Wilkie Collins was the first great detective novelist. His dark and complex mysteries influenced the work of other writers, such as Anthony Trollope and Charles Dickens, with whom he developed a close personal friendship. Swinburne found his work worthy of serious criticism, and T. S. Eliot credits him even more than Poe with the invention of the modern detective novel and the popular thriller. The author of The Moonstone, The Woman in White, Armadale, and No Name and a brilliant exponent of labyrinthine plots and dramatic suspense, Collins first displayed the full range of his talent in The Dead Secret (1857), one of his earliest and rarest novels.

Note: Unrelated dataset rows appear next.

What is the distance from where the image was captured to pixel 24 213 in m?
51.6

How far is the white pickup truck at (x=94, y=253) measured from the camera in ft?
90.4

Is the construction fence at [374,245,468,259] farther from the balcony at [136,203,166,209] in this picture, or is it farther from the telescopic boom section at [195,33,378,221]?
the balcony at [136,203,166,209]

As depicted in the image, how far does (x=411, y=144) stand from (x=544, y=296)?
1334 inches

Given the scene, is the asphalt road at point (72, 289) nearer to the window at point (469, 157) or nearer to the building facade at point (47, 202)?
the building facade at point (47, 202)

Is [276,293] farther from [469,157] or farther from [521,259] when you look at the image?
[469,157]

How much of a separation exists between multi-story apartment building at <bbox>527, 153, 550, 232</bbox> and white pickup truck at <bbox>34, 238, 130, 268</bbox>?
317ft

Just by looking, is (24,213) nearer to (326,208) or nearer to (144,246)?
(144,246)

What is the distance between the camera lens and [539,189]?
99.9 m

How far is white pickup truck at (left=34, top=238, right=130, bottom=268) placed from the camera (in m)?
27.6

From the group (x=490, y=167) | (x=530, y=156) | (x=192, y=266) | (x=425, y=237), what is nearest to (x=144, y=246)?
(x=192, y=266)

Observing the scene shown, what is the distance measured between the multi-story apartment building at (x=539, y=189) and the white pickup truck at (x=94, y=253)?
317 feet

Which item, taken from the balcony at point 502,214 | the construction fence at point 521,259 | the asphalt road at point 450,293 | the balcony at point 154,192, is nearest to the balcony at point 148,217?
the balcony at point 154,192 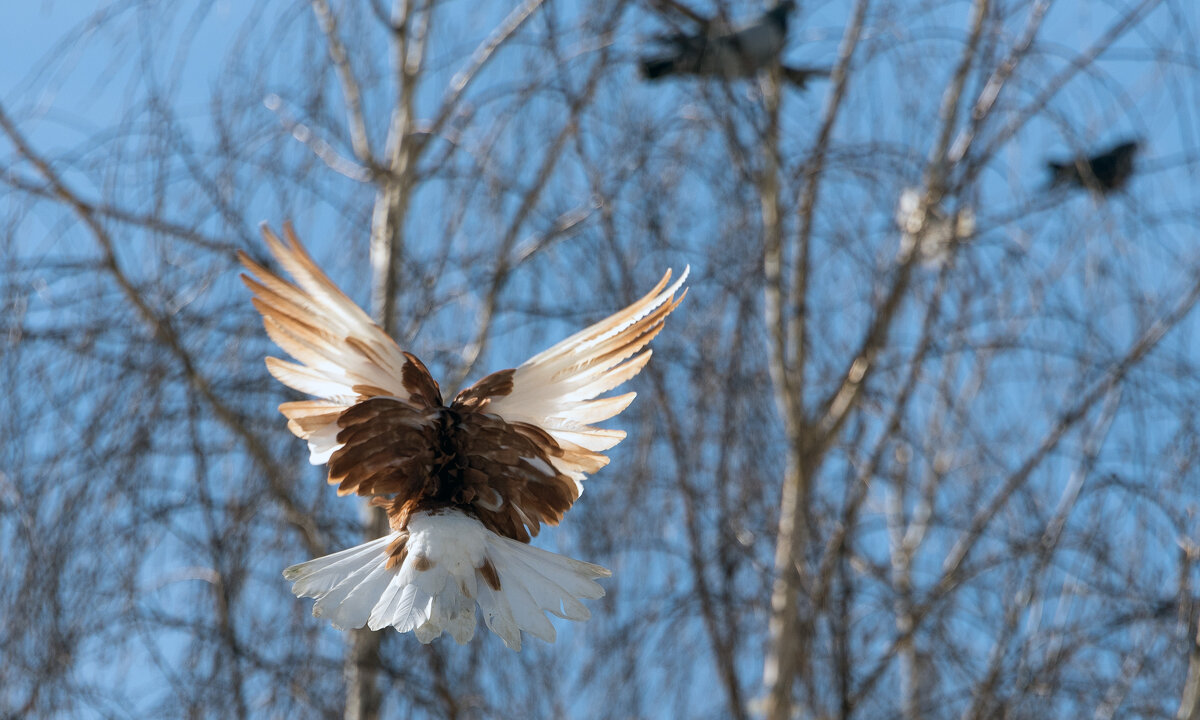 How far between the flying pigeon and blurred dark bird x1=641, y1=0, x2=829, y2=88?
140cm

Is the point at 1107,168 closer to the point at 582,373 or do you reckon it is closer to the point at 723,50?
the point at 723,50

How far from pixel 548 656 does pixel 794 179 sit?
102 centimetres

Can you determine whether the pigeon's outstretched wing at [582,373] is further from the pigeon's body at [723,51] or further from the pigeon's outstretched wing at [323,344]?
the pigeon's body at [723,51]

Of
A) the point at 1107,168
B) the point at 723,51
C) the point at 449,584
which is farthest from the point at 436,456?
the point at 1107,168

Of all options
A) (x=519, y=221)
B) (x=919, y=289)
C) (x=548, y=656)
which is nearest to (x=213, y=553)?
(x=548, y=656)

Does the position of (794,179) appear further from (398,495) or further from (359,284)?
(398,495)

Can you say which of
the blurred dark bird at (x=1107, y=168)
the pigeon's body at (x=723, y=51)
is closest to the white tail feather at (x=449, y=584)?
the pigeon's body at (x=723, y=51)

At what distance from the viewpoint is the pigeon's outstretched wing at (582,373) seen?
42.5 inches

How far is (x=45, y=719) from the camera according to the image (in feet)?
6.23

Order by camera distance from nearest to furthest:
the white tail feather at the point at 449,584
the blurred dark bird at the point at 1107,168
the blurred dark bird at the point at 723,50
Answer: the white tail feather at the point at 449,584 < the blurred dark bird at the point at 723,50 < the blurred dark bird at the point at 1107,168

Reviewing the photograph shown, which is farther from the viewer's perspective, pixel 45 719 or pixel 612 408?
pixel 45 719

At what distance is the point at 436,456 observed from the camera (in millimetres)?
1068

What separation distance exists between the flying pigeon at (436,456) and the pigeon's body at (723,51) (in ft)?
4.62

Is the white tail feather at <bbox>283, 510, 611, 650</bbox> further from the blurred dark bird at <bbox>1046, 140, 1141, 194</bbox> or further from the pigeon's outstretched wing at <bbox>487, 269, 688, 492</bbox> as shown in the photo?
the blurred dark bird at <bbox>1046, 140, 1141, 194</bbox>
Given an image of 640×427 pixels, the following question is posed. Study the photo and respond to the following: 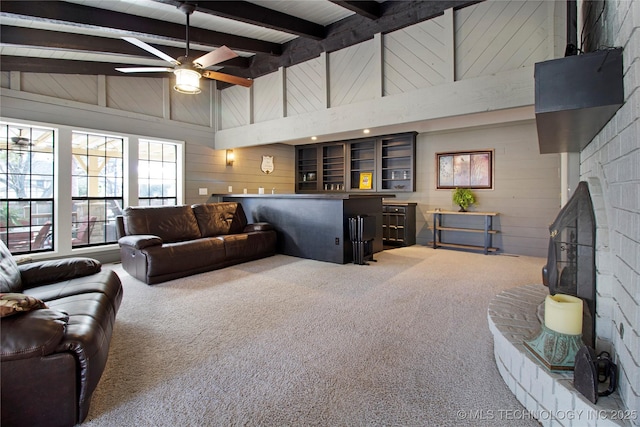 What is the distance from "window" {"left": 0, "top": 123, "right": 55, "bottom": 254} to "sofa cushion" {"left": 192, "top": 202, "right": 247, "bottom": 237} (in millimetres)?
2149

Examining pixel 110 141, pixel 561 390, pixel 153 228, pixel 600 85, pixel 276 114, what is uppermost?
pixel 276 114

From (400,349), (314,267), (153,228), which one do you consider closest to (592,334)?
(400,349)

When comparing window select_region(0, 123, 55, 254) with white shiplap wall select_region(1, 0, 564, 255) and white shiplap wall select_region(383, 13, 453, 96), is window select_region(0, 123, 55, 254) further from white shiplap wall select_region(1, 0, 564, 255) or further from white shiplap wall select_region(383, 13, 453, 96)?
white shiplap wall select_region(383, 13, 453, 96)

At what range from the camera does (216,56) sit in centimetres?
352

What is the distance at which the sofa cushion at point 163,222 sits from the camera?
439 centimetres

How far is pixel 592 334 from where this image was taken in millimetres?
1675

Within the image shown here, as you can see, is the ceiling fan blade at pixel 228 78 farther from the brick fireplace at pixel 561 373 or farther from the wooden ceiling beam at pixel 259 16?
the brick fireplace at pixel 561 373

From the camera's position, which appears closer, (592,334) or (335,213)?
(592,334)

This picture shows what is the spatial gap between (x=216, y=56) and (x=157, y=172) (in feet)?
11.0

The Dead Secret tells of a relentless quest to uncover a forgotten crime. From that one event, all of the novel's incidents derive, and, all of its characters inevitably move toward its resolution. The secret took place at the Cornish mansion Porthgenna and has all but ruined the life of the young servant girl Sarah Leeson. Fifteen years later, it comes back to confuse and haunt Rosamond, the heir to Porthgenna, who is driven to expose the truth. Collins's delightfully eccentric characters in this puzzle-romance include the misanthropic hermit Andrew Treverton, his bullying servant Schrowl, and the actress whose powerful will lies behind the secret.
Of Wilkie Collins's thirty-odd novels, The Dead Secret has, before now, been one of the most difficult to obtain. It has not been reprinted anywhere.